Start of Block

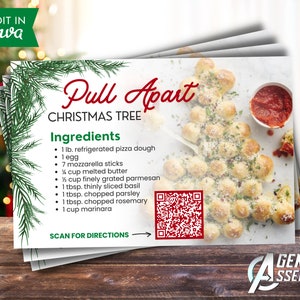 Ansichtkaart met recept voor onroerend goed, kerstmarketing onroerend goed, marketing makelaar, kerstkaart, bewerkbare ansichtkaart | DIRECT CANVA DOWNLOAD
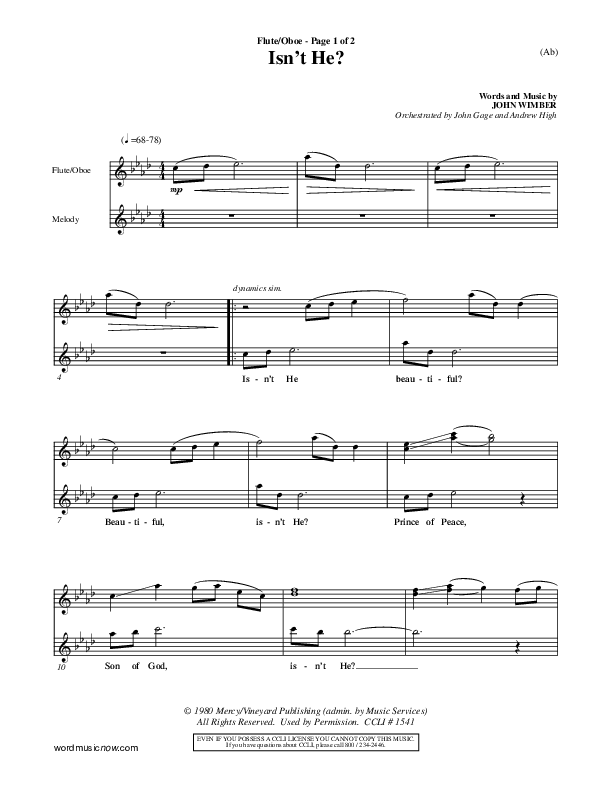 Isn't He Flute/Oboe (John Wimber)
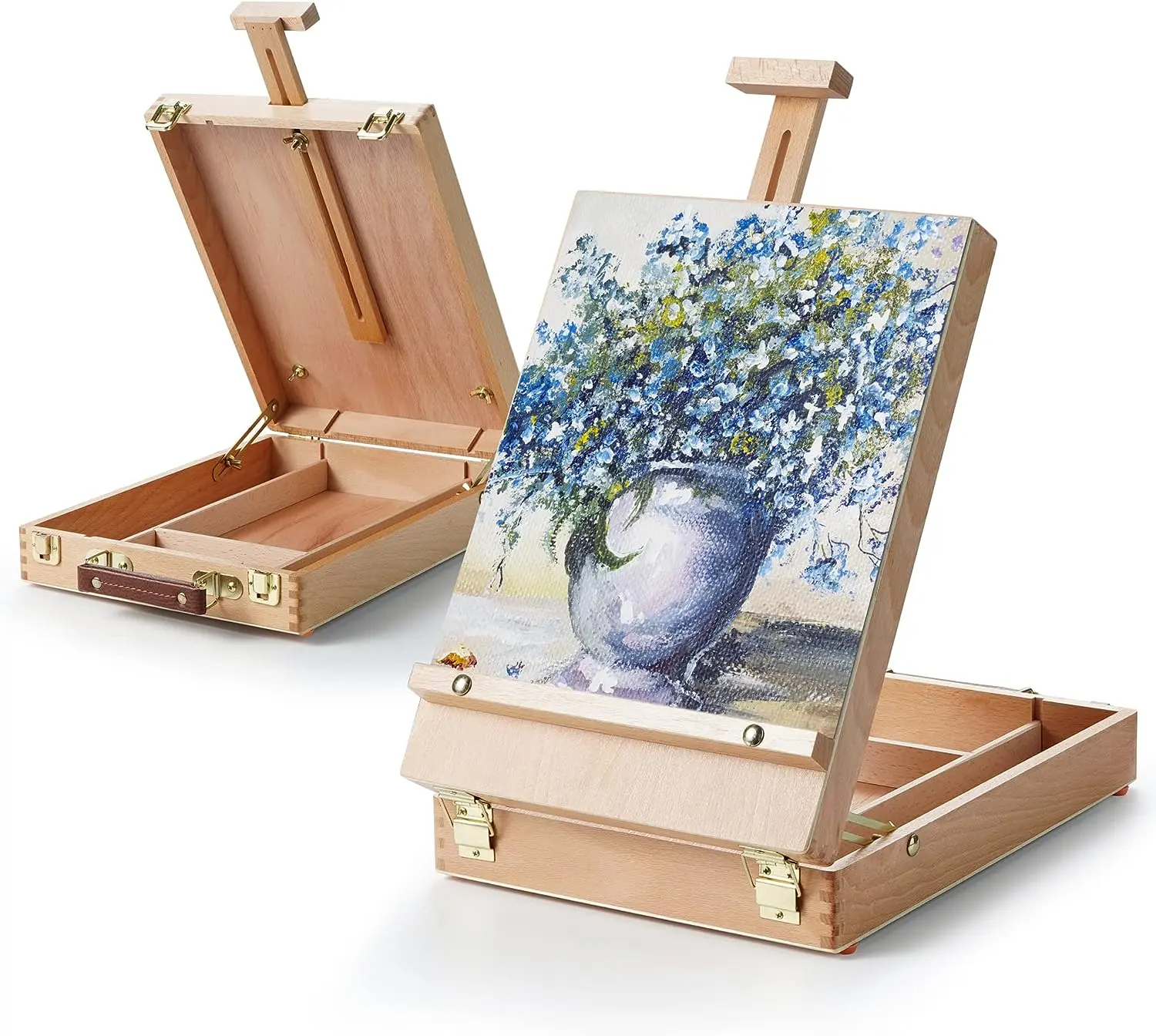 Back to School Essential - ARTIFY Adjustable Beechwood Tabletop Painting Easel, Table Sketch Box Easel, Desktop Artist Easel for Drawing (Easel Box)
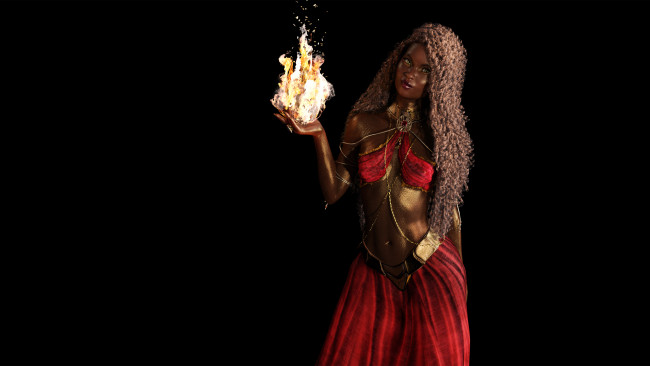 Обои картинки фото 3д графика, фантазия , fantasy, девушка, фон, взгляд, огонь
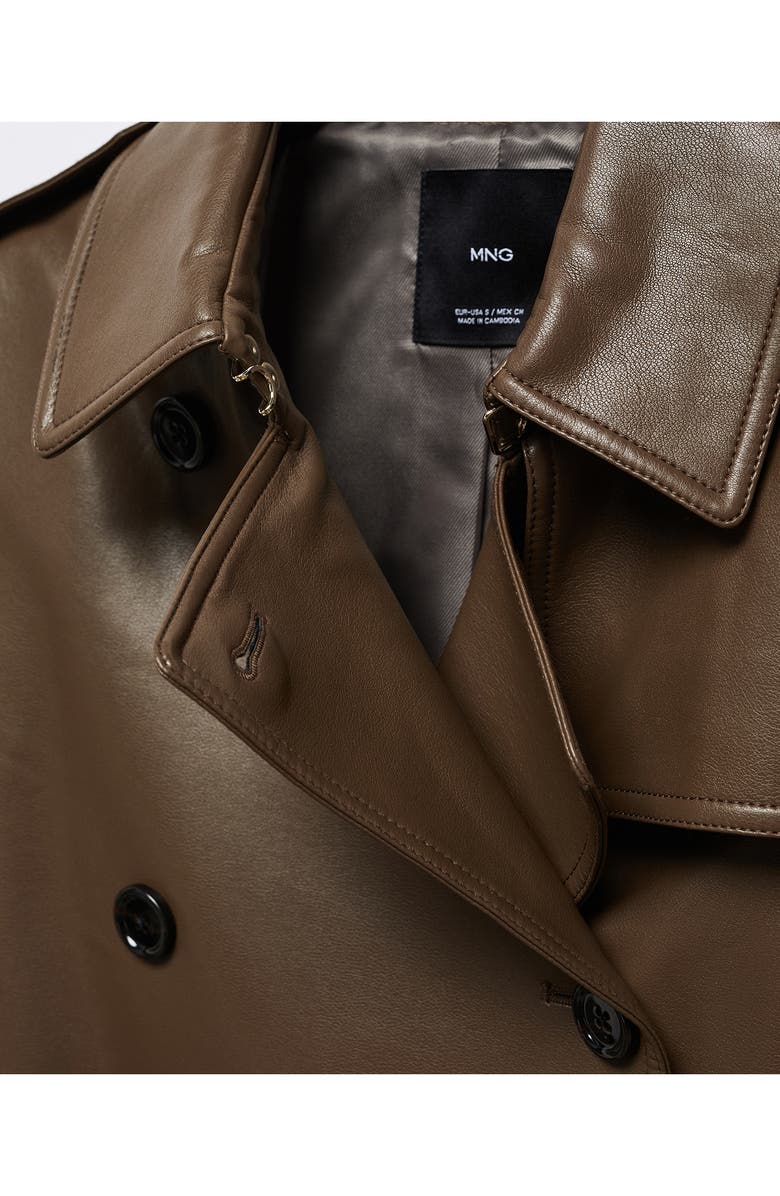 MANGO Faux Leather Trench Coat, Alternate, color, 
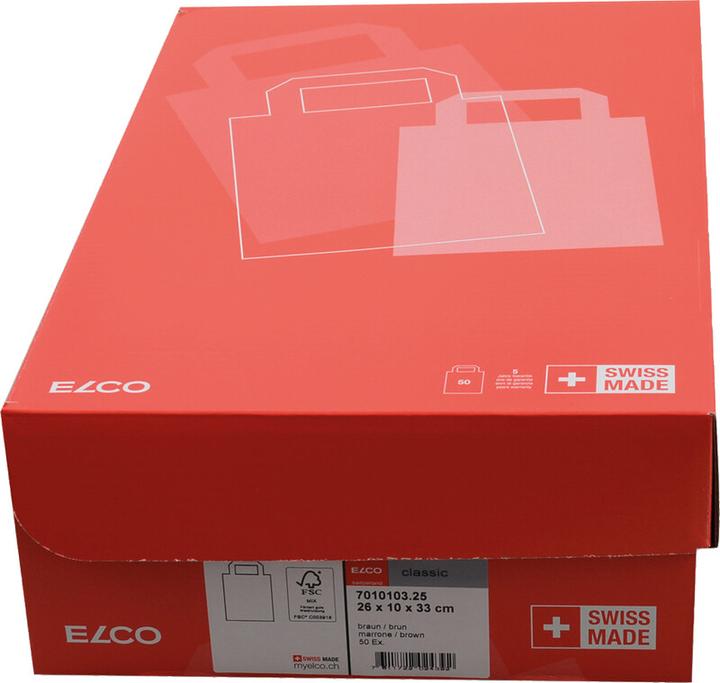Immagine prodotto Elco Borse di carta con manico piatto (Borsa da regalo, 50 x)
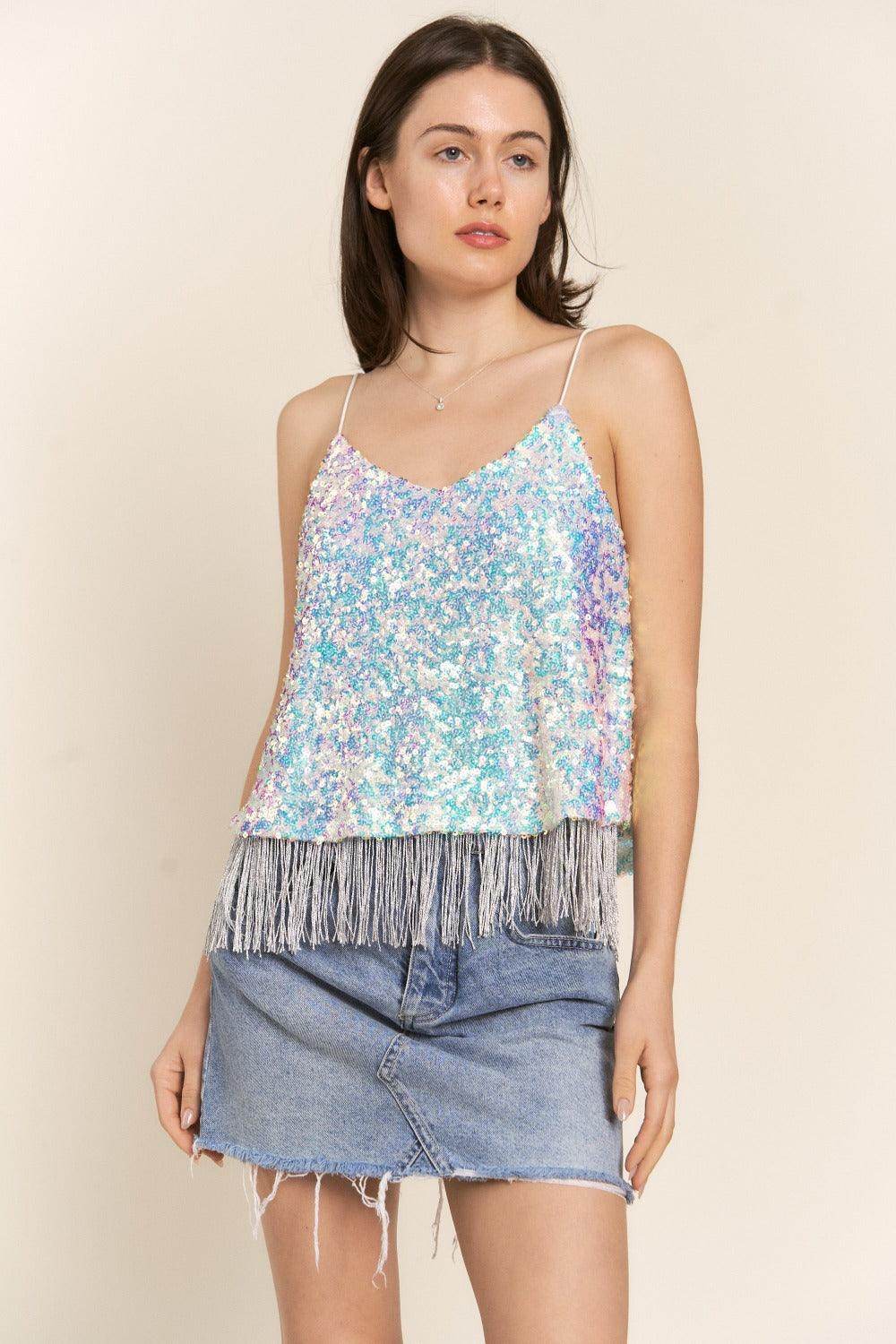 J.NNA Sequin Tassel Hem Flowy Cami for Glamorous Style - Selvanelle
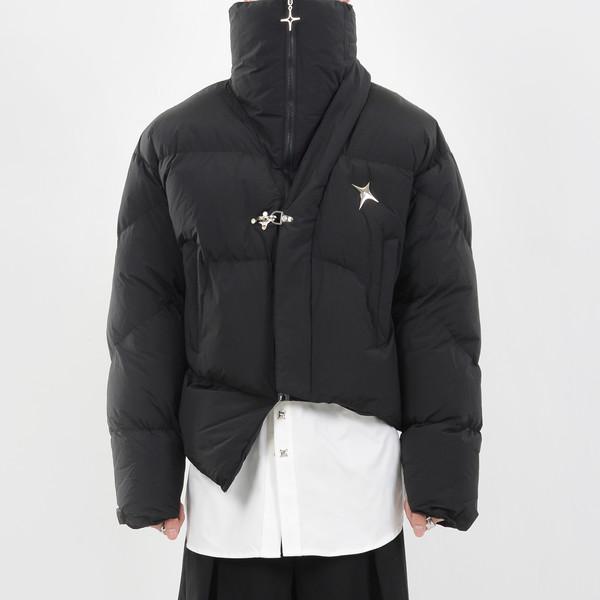 niche irregular metal padded jacket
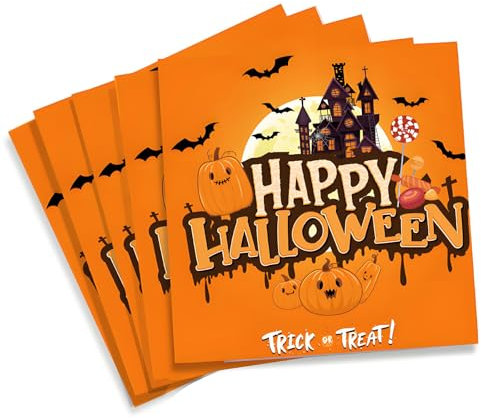 Halloween Servietten - 40 Stück Orange Kürbis Tischdeko für Party, Karneval und Happy Halloween Deko (33×33cm)
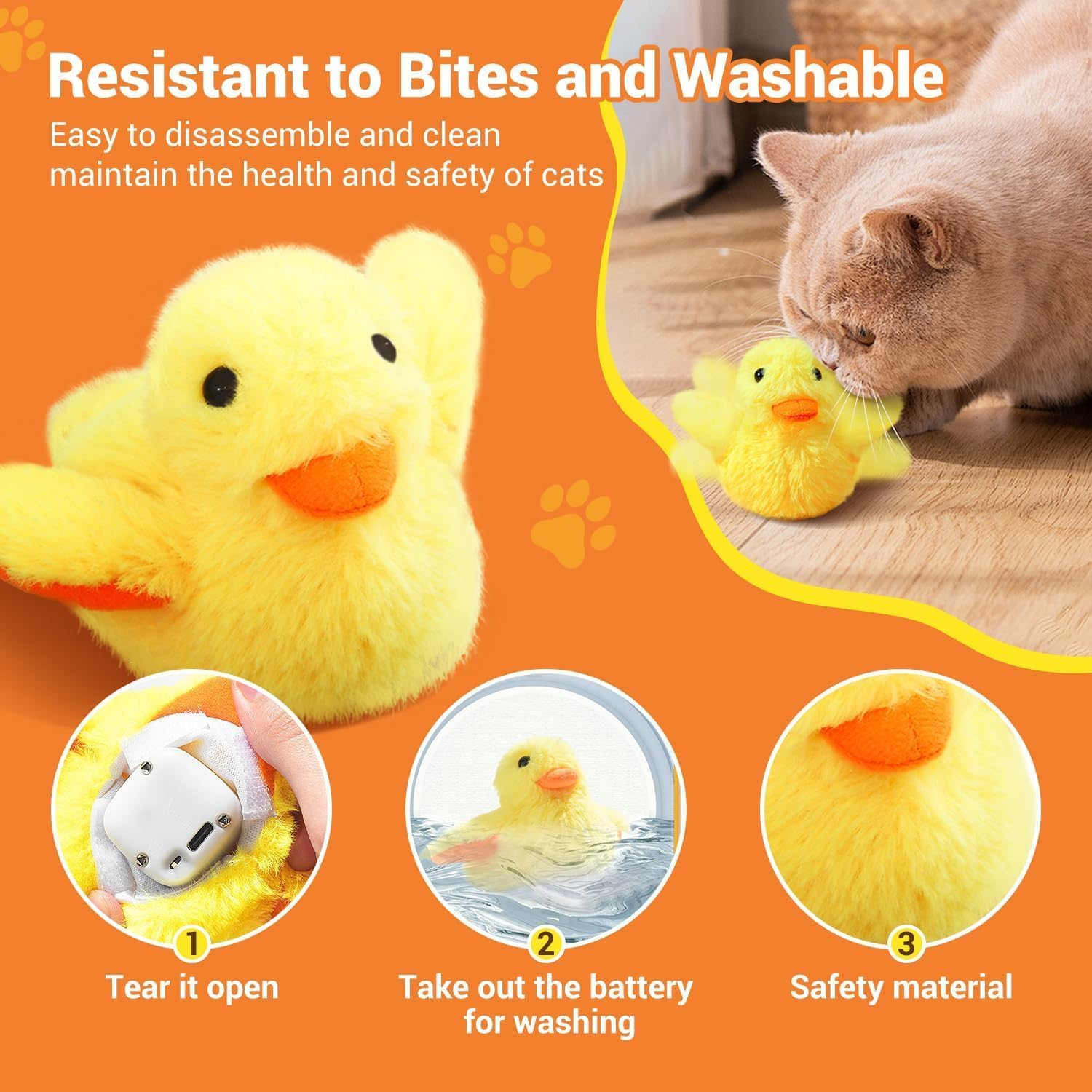 Interactive Cat Toys, Three Different Game Modes, with Simulated Duck Quack Sound, Electric Cat Toy, Realistic Plush Duck USB Charging Washable for Indoor Cats image number 3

End of Block

■ Exercise details
Please print each of the records word for word, keeping the pictures out.

■ Finished exercise
 Ansichtkaart met recept voor onroerend goed, kerstmarketing onroerend goed, marketing makelaar, kerstkaart, bewerkbare ansichtkaart | DIRECT CANVA DOWNLOAD
 Isn't He Flute/Oboe (John Wimber)
 Back to School Essential - ARTIFY Adjustable Beechwood Tabletop Painting Easel, Table Sketch Box Easel, Desktop Artist Easel for Drawing (Easel Box)
 Обои картинки фото 3д графика, фантазия , fantasy, девушка, фон, взгляд, огонь
 MANGO Faux Leather Trench Coat, Alternate, color, 
Immagine prodotto Elco Borse di carta con manico piatto (Borsa da regalo, 50 x)
 J.NNA Sequin Tassel Hem Flowy Cami for Glamorous Style - Selvanelle
 niche irregular metal padded jacket
 Halloween Servietten - 40 Stück Orange Kürbis Tischdeko für Party, Karneval und Happy Halloween Deko (33×33cm)
 Interactive Cat Toys, Three Different Game Modes, with Simulated Duck Quack Sound, Electric Cat Toy, Realistic Plush Duck USB Charging Washable for Indoor Cats image number 3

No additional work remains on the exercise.